展示はそれぞれの表現が込められていて美しく、これを残していくことの価値を考える。主催者はみんな高齢の方で、戦争の時代を体験した、もしくは近い時代を生きた人たちだった。彼らにどうしても伝えたくて、どう書いたらいいか分からなかったけれど、「これからも伝え続けてください」と書いた。そしてわたしには何ができるだろうか。その後はサスナカに行き、喫茶店でこの日記を書いている。

地元に帰るということ、それはわたしにとってどんなことなのだろう。わたしが変化し続けるように、地元も変化し続けていき、わたしと地元の関わり方もまた変化していく。今はいろんな場所で芽が芽吹きそうな気配を感じている。わたしはいつかここで何かできるだろうか。ここでわたしにできることがあるだろうか。定住しなくても、ここはわたしが生まれ育った場所で、ずっと故郷であり続ける。人の営みが生まれ続けるこの場所でできること。

8/11

午前中に少し仕事をした後、祖父母と彼らが大好きな韓国料理屋へお昼ご飯を食べに行く。スンドゥブチゲを頼んだら、それがあまりにも美味しくて、「何これおいしすぎる!」と思わず叫んだら、韓国人の店長さんがにこにことした笑顔で現れ、嬉しそうに他の料理の説明もしてくれた。ノグリラーメンが韓国人にいちばん人気らしい。韓国料理を食べながら、韓国の歴史や文化のことを考える。こういう体験に導かれるようにしてわたしはきっといつか韓国に行くのだろう。歴史と個人的な出会いのこと。

帰りの車の中では少し祖父母の幼少期の頃の話を聞かせてもらった。彼らが子供だった頃は第二次世界大戦が終わった頃で、貧しく、差別されていたこと。それでも逞しく生きてきたこと。小さい頃から何気なくそばにいた祖父母。彼らはわたしが知り得ない人生の歴史を背負っている。

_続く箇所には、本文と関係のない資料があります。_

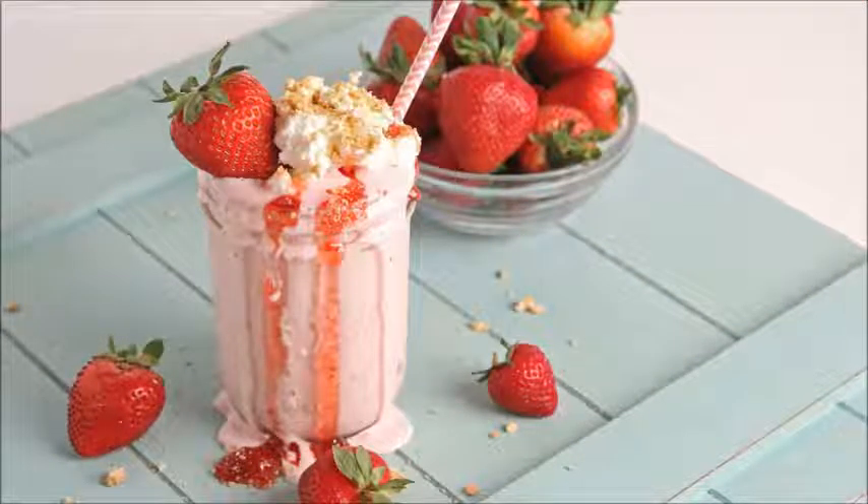Make a banana cream shake by putting 3 scoops vanilla ice cream, 2 oz (60 ml) of milk, 1 teaspoon vanilla extract, 1 banana, and half a packet of vanilla pudding mix into a blender.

帰ってきて少しお昼寝をした後、夕方に原村の映画祭に行くために、たくさん食材を買い込んで、父と母と向かった。外でご飯を食べながら映画を見る。その日の上映映画は普段なら選ばないチョイスの「ゴジラ」だったが、いろいろなことを考えさせられる映画だった。思わず帰った後に「ゴジラ」が生まれた背景を調べる。「ゴジラ」という映画が戦後に生まれた背景にもいろいろなものがあって、わたしは普段大衆的な映画を遠ざけてしまう節があるのだけれど、なぜこんなにも映画が人気になったのか、どう生まれたのかには時代背景が必ず関わっていて、それを知るのは大事なことかもしれないと思ったりした。

8/12

朝から母とバラクラに行き、フィッシュアンドチップスとサマープディングを食べた。今年の夏休みは実家に帰ることにしてよかったと心から思った。母と過ごせることが心から嬉しく、バラクラの中で見た彼女の笑顔を忘れたくないと思った。今は今でしかなく、そのことがたまらなく覆い被さってくる。それでも、わたしは今を生きていて、この時をこれからも抱え続けるだろうと思った。ベンチに英語の言葉が付いていることに気づき、母と、「これはいいね」「こういう意味なんじゃない?」などど言い合いながら、ひとつひとつ読んでいく。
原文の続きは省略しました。